Determine a label (and description)[edit]

You should match a field (or a combination of fields) against Label. Note that this field is set per language and that it (in combination with a  Description) must be unique for Wikidata. Additionally you can set multiple names, or name/id no. combinations as Aliases if people are likely to search for the object using these.

Determine how to handle existing info[edit]

In the case where an item already exists special care needs to be taken to ensure that the information on Wikidata is not simply overwritten by that from the database.
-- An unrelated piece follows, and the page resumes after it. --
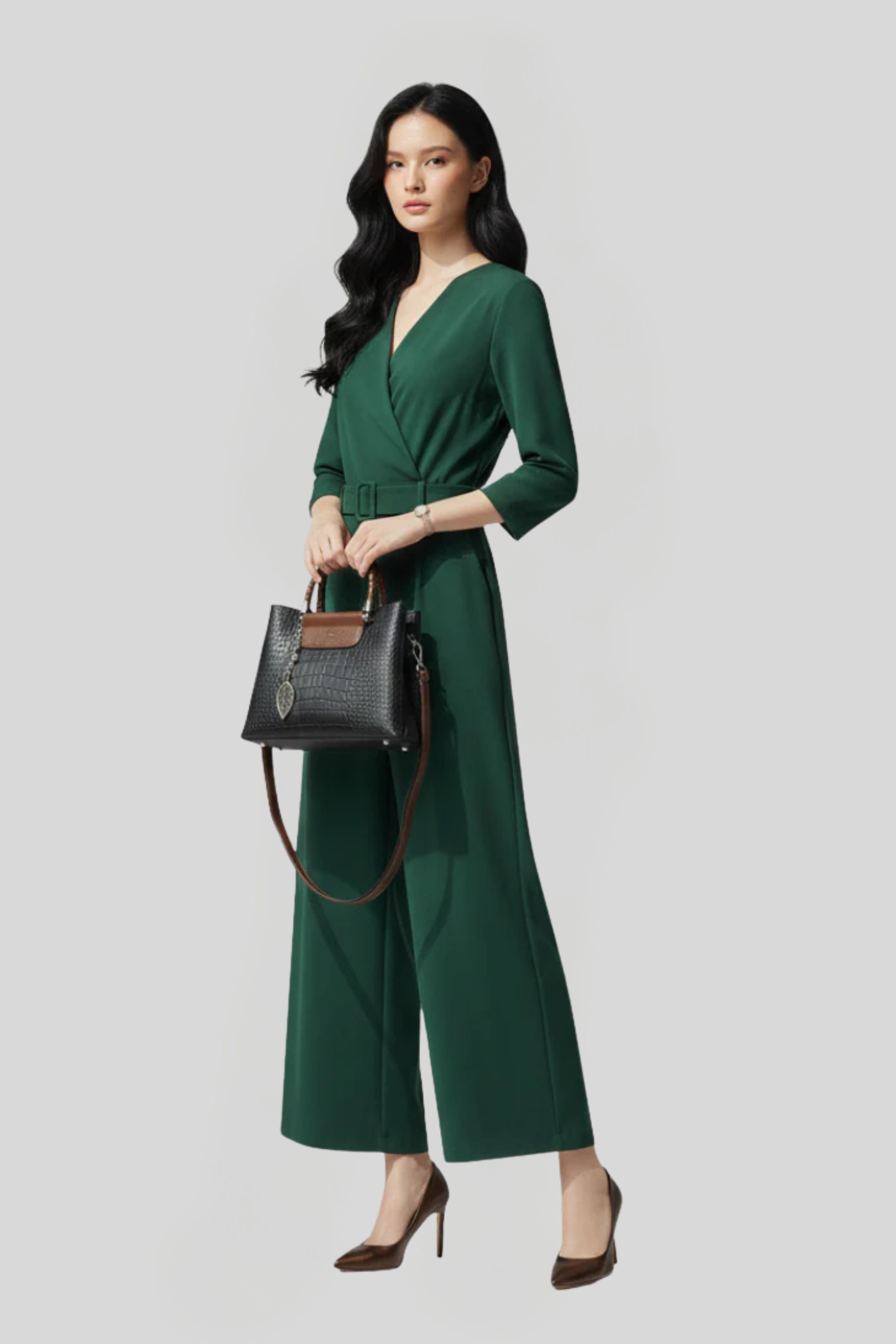 Women’s Crocodile-Embossed Satchel Handbag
The recommended way to proceed is:

  1. If the claim doesn’t exist; simply add the new claim.
  2. If the claim exists:
    1. But the value is different; add the new claim as a separate value
    2. And the value is the same:
      1. But the reference is different; add an additional reference to the claim
      2. And the reference is the same[1]; nothing more to add.

The case which requires additional care is 2.1. While different values don’t always indicate that there is a problem (e.g. a building could first have been a church and then a casino) you need to determine if:

  • The values are really different. E.g. dates, numbers and coordinates all have built in uncertainties meaning a broad statement might cover a more exact one. Even if they overlap it might still be desirable to keep both depending on the source of them.
  • The differing values are indicative of an erroneous matching of items (although this should primarily have been taken care of by Check for existence).

Ideally conflicting values should be logged since they can at the least highlight the need to mark one of the statements as preferred.

Determine how to reference the statements[edit]

When doing mass imports of statements you are also expected to add a reference to each of the statements added from the database. There are two types of references you could add depending on the circumstances around the data.

A reference along the lines of "imported from the WLM database" mainly fills the purpose of highlighting for other editors where the data is being ingested from rather than actually sourcing the statement. On the other hand it has the benefit of always being true.

If the original source of the data is known then it should be better to use that as an actual reference for the statements. The problem however is that information originally imported into the database (straight from the source) cannot easily[2] be distinguished from data which was later submitted by a user.

Whichever reference is decided upon it should contain the following:

  • A claim as to the source of the data (e.g. P248)
  • P577: The date for when the data was published (if known)
  • P813: The date for when the data was confirmed at the source
  • P854: A url to the source of the data (if online)

Documentation[edit]

Make sure to document all of the choices done during mapping since this will make it easier for others to follow the process at a later stage as well as being useful as a basis for tooling, both existing WLM bots/tools and any new tools.[3]

Changing the lists (post ingestion)[edit]

The final step is to completely deprecate the database by having the Wikipedia lists fetching the information from Wikidata and in turn having any updates pushed to Wikidata. The remaining issues preventing this from happening are described in more detail over at Commons:Monuments database/Wikidata.

Footnotes[edit]

  1. Or the same at least up to time dependent factors such as fetch date (P813) or similar.
  2. It might be possible if you know what the first changed timestamp should be in which case you could detect which items haven’t been updated since initial ingestion.
  3. Similar documentation was done by Multichill before creating the first Wikipedia lists.